A middle-aged English woman Margaret, who is the mother of a young woman called Sidney, is about to remarry. Margaret’s first husband was called Hilary and he had been in a mental hospital for 15 years, reportedly due to shell shock in World War 1. Sidney has barely known her father and she is also engaged. They both lived well despite Hilary’s absence, however his sister also lived in the same house and she had the hope that someday he would eventually leave the hospital even though it did not seem likely.

At Christmas time the family received the news that Hilary disappeared and he returned to his old house immediately. At first, he met his daughter all grown up and could not recognize her. After she introduced herself both got along right away but had a heated argument in the next minute, which portrayed them as sensitive and emotionally voluble people. However, Hilary expected everything to be as it used to be even though Margaret had got to divorce him while he was in the mental hospital, but he was not aware of it yet.
In the middle of this mess Sidney was accidentally told that mental illness run in her family, which mad her worry if she would ever have the same symptoms as her father’s and if it could impact her prospective children, after all, she had plans to have many children with her fiance after they get married.
After a while, Hilary realized that Margaret was about to remarry and he begged her to reconsider her decision. Although Margaret truly loved her fiance and no longer had any feeling for Hilary, she felt she had a kind of social obligation to remain with her first husband in addition to pity him. But Sidney considered it was morally wrong her mother to give up marrying the woman she loved just because her father reappeared.
In order to convince her parents to carry on with their lives separately, Sidney broke up her own engagement even though she was about to marry the love of her life. She could not make her love bear the burden of having to deal with a future wife and children who would possibly have mental disease. Although he told Sidney that he didn’t mind it and would like to marry her anyway, Sidney was adamant.
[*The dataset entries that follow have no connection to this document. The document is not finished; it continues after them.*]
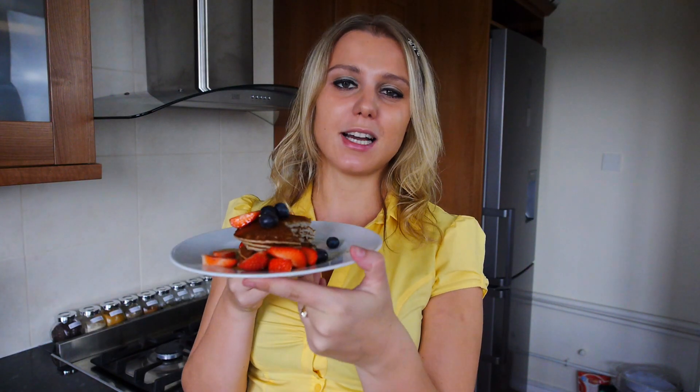Here we are, beautiful banana pancakes. I like to stack them up and then eat them with some honey and berries.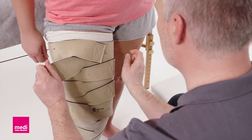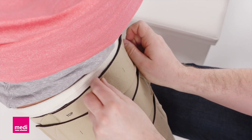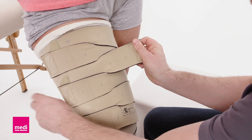Attach the bands alternately from bottom to top so that the garment lays flat and wrinkle-free. Slightly pull the upper band upwards to avoid wrinkles. Hold the top of the garment while attaching the last band. If there are gaps or creases, simply readjust the bands.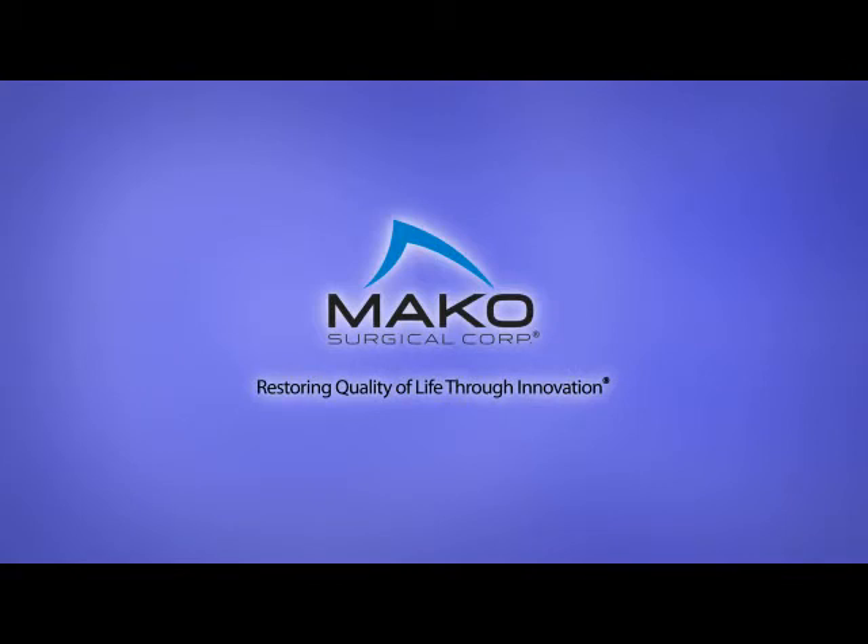Makoplasty Hip, providing a new level of accuracy and precision to total hip arthroplasty.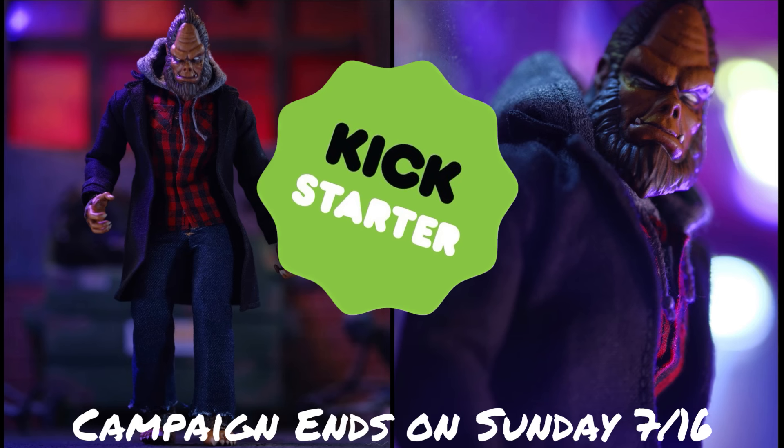Hey, what's up everybody, this is Wade from Unparalleled Universe. I just wanted to let you know about the Kickstarter that I've launched for the first ever 1/12 scale Odious figure. Odious is a character that I've created and I'm trying to make a figure of him via Kickstarter, so be sure to check that out — Odious 1/12 scale action figure on Kickstarter.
After her broke up, Sidney convinced Margaret to travel with her future husband and start a new life with him. In exchange, Sidney would live with her father, never marry and take care of him until the last day of his life because “they both had the same blood”. Margaret did not find it right her daughter to make such big sacrifice, but she was eventually persuaded to marry her love. Sidney also succeeded convincing Hilary that it was for the best he let Margaret go without hard feelings. At the end of film, it was just Hilary and Sidney at home and they both eventually got along well while Sidney loyally remained with her father.
As it was said in the beginning, the plot is terribly out of date, but the cast acted well and the film has a relaxed, slow pace typical of classic films of it’s era and therefore it is well-worth watching.